There is no doubt that the successes Egypt and the US have achieved together in the peace process are the crown jewels of Egyptian-American cooperation. It is also clear that Egyptian and US diplomats have dedicated themselves fully to achieving peace in the Middle East -- and it has been worth every minute.

When addressing the vital relations between Egypt and the US, I find it necessary to clarify a few points that are often confused. First, it is a mistake to confine the Egypt-US partnership to the scope of the peace process. Egyptian-American relations go far beyond this front to encompass historical, political, military, economic and environmental dimensions. One example is the joint work on operations in Somalia and Bosnia.

Another misconception is that the peace process gave Egypt its position of regional leadership. On the contrary, it was Egypt's leadership, along with that of the US, which helped give this process some of the successes it has witnessed to date. This is due to Egypt's demographic, geopolitical, cultural and intellectual influence, of course, but also to two fundamental facts: the vision Egypt holds for a better future for the region, and its resolute belief in the importance of taking a stand guided by clear vision in times of crisis.

A third misconception worth clarifying is that Egypt-US relations are a one-sided operation. The fact of the matter is that this partnership is vital for the US in the Middle East, now and in the future. For the past two decades, this relationship has been the driving force behind regional peace, stability and prosperity. Egypt's historical and cultural legacy has given it a special role from the African shores of the Atlantic to the Gulf and to the heart of Africa -- an area of great strategic interest to the US.

Egypt appreciates American assistance, which has benefited Egyptian economic reform programme and helped give birth to a vigorous private sector. It has also encouraged the development of a vast network of economic interests. But it should also be stated that for every dollar of US assistance, Egypt imports around $4 worth of US products. Again, the Egyptian-American relationship has served both countries well.

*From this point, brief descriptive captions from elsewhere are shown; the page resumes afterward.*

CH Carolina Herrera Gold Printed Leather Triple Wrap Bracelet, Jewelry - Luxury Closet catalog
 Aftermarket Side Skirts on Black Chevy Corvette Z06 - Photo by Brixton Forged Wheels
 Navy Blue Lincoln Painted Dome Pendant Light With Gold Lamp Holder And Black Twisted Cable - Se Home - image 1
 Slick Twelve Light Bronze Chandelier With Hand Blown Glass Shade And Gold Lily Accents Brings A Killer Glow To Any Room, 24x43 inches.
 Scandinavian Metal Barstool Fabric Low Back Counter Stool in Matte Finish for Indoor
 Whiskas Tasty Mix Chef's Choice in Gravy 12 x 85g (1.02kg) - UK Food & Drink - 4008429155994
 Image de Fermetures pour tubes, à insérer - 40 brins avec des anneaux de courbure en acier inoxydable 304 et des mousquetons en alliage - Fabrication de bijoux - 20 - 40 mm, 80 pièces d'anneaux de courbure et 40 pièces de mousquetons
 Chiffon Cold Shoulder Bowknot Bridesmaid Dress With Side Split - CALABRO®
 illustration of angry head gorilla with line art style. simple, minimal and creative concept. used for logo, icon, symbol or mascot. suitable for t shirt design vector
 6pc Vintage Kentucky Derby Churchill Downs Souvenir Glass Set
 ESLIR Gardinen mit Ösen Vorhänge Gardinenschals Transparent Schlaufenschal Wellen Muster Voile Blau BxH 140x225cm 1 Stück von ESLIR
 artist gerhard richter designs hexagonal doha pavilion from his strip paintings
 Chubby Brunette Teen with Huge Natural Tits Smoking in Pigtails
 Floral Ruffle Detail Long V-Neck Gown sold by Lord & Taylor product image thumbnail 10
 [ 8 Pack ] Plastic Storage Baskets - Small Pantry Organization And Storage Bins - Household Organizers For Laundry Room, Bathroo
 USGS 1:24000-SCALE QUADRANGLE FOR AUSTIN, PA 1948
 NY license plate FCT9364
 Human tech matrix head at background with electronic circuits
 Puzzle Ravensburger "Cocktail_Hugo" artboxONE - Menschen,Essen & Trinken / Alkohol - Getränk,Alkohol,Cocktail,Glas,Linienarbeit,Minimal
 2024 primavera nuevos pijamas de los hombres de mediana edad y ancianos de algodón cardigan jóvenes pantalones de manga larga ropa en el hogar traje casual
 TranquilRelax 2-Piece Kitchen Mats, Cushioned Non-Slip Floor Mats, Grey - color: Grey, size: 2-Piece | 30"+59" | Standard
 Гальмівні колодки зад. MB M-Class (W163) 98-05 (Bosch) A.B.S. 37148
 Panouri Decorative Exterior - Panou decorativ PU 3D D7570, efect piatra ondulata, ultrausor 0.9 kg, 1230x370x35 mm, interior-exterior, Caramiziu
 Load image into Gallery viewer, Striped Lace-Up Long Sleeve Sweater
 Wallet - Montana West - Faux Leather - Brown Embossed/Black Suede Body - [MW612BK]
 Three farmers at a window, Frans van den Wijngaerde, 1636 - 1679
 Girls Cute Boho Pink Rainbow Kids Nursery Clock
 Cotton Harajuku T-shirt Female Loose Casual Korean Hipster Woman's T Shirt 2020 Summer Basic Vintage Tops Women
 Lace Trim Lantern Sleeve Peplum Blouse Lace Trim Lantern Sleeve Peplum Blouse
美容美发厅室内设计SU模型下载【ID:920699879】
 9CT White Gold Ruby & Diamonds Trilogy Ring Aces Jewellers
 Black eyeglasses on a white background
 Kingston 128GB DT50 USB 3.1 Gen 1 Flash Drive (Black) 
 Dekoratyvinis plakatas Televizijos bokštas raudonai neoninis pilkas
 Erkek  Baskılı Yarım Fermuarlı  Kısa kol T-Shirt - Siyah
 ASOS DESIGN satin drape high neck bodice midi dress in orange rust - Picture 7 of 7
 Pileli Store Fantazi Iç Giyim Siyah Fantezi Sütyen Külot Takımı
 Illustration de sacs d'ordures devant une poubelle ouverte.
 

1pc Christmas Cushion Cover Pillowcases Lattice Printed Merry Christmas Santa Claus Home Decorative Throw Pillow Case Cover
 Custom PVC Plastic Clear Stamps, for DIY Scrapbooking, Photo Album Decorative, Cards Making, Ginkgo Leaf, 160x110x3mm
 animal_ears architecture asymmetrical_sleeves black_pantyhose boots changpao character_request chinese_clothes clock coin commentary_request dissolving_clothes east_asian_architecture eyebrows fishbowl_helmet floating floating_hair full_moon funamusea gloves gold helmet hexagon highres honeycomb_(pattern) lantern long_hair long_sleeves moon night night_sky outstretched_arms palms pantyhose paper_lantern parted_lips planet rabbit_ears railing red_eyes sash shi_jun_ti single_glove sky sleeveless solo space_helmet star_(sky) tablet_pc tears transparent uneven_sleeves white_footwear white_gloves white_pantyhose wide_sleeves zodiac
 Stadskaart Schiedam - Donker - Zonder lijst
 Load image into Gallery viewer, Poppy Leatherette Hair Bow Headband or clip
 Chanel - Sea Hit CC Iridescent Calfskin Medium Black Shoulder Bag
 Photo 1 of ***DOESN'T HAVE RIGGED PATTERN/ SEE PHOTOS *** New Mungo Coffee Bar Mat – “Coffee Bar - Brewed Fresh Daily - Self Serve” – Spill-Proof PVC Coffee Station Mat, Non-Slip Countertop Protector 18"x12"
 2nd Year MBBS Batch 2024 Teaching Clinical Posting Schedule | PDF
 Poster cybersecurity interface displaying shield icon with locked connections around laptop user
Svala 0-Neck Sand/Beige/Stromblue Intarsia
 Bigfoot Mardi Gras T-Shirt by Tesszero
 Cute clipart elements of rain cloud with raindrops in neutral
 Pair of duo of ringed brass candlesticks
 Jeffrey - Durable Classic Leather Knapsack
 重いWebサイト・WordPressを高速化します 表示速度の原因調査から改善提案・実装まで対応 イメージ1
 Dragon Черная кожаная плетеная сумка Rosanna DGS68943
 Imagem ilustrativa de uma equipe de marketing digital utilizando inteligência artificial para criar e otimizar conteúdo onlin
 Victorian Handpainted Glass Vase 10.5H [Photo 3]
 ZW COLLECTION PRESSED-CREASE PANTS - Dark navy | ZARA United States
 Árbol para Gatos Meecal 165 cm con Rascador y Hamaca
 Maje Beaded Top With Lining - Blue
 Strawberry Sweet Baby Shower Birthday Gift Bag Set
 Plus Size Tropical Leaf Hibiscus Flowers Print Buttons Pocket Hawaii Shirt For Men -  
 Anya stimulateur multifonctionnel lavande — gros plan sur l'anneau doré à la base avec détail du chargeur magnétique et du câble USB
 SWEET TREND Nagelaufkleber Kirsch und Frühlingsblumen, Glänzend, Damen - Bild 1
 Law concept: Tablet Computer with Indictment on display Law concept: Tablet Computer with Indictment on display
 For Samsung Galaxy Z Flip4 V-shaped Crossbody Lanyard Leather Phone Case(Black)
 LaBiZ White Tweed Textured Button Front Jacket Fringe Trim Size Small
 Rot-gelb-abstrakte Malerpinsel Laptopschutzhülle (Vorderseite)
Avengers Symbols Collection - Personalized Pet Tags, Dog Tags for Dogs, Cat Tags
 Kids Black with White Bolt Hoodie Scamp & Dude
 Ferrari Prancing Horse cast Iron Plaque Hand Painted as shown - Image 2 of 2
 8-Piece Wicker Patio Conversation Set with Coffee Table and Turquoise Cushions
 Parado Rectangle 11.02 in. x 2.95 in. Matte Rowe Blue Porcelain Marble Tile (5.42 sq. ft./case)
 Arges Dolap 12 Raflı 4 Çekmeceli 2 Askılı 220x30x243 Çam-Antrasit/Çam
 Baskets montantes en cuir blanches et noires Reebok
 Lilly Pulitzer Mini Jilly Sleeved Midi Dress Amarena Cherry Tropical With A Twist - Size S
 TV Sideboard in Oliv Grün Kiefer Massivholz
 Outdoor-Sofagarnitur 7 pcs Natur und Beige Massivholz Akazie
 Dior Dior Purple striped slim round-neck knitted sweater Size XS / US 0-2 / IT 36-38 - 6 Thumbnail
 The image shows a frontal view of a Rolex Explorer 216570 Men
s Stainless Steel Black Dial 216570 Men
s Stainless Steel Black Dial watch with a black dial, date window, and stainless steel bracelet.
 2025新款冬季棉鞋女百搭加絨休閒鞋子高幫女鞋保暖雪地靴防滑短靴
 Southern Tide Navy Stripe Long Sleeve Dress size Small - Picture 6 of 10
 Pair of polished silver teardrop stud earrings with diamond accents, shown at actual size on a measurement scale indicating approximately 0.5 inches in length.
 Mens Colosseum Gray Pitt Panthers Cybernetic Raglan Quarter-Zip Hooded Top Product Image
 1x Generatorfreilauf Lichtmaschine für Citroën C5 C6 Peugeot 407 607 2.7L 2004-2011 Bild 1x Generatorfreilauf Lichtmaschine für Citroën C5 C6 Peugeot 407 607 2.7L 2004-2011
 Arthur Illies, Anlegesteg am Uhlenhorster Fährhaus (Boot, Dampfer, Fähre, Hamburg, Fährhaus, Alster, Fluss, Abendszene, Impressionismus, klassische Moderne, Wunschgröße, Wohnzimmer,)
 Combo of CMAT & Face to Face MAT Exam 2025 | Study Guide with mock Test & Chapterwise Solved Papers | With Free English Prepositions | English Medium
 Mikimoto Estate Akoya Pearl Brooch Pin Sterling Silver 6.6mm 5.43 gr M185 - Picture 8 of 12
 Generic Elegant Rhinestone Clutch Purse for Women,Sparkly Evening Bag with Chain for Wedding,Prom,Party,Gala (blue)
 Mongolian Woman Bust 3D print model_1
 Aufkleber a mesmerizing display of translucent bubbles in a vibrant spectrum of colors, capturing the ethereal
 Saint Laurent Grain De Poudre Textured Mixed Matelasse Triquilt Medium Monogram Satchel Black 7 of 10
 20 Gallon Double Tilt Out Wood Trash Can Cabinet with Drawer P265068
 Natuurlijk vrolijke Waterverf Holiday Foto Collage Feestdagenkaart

On military cooperation, officers on both sides affirm that Egyptian and US establishments work together in a way that reflects increasing understanding and appreciation of joint priorities. Operation Bright Star is one of the largest military exercises the US has embarked upon with any of its foreign partners.

It should also be made clear that the road between Washington and Cairo is a straight one. Egyptian-US strategic ties are crucial in their own right and should not be held hostage to any other relationship, for this will not only undermine mutual interests, but even jeopardise regional stability as a whole.

The sphere of agreement and understanding between Egypt and the United States far exceeds any areas of difference. The argument that Egypt and the US need to agree on all issues so as not to weaken their ties is wrong, however. Differences between Cairo and Washington on certain issues are to be expected. After all, the US is a global power with international interests. Egypt, meanwhile, is a regional power whose interests are closely linked to the Arab and Muslim worlds, the African continent and the Mediterranean. It has a bedrock of experience in the Middle East. Egypt's assessment of regional events helps the cause of stability and prosperity -- a cause both the US and Egypt hold dear. This said, Egypt appreciates the US's vision and recognises its global leadership. Together, Egypt, the US and other concerned parties can help to bring stability to the Middle East. In fact comprehensive peace and stability are integral components of a new vision for this region.